TRY IT: Nothing but a verbatim copy of the data, minus the images, should be returned.

COLLECTED DATA:
----

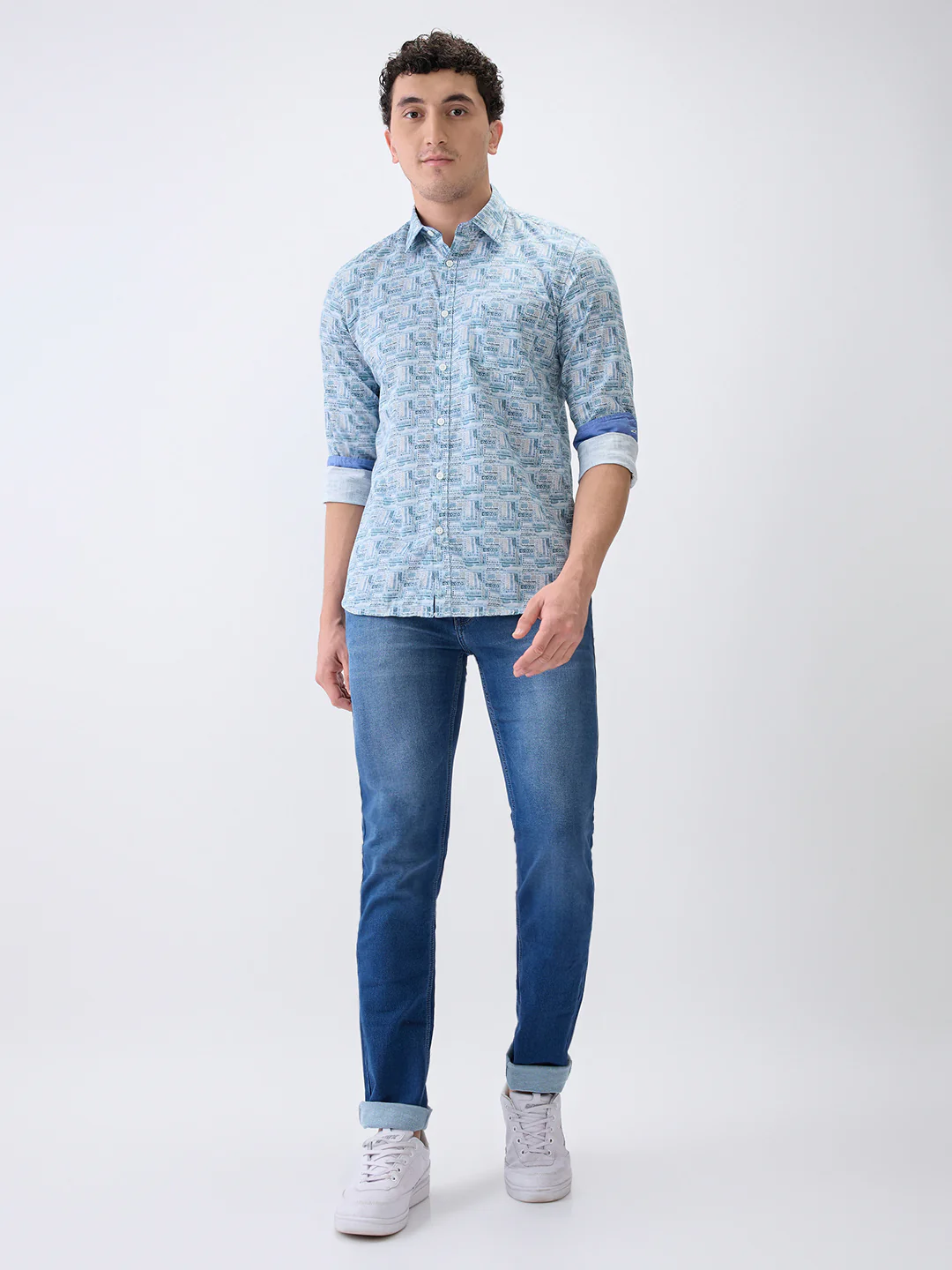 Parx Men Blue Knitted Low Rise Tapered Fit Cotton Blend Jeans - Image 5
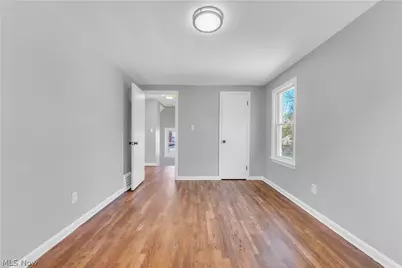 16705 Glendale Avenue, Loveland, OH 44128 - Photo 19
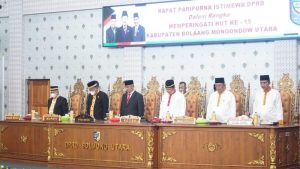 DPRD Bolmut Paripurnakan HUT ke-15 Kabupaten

----

TASK RESULT:
 Parx Men Blue Knitted Low Rise Tapered Fit Cotton Blend Jeans - Image 5
 16705 Glendale Avenue, Loveland, OH 44128 - Photo 19
 DPRD Bolmut Paripurnakan HUT ke-15 Kabupaten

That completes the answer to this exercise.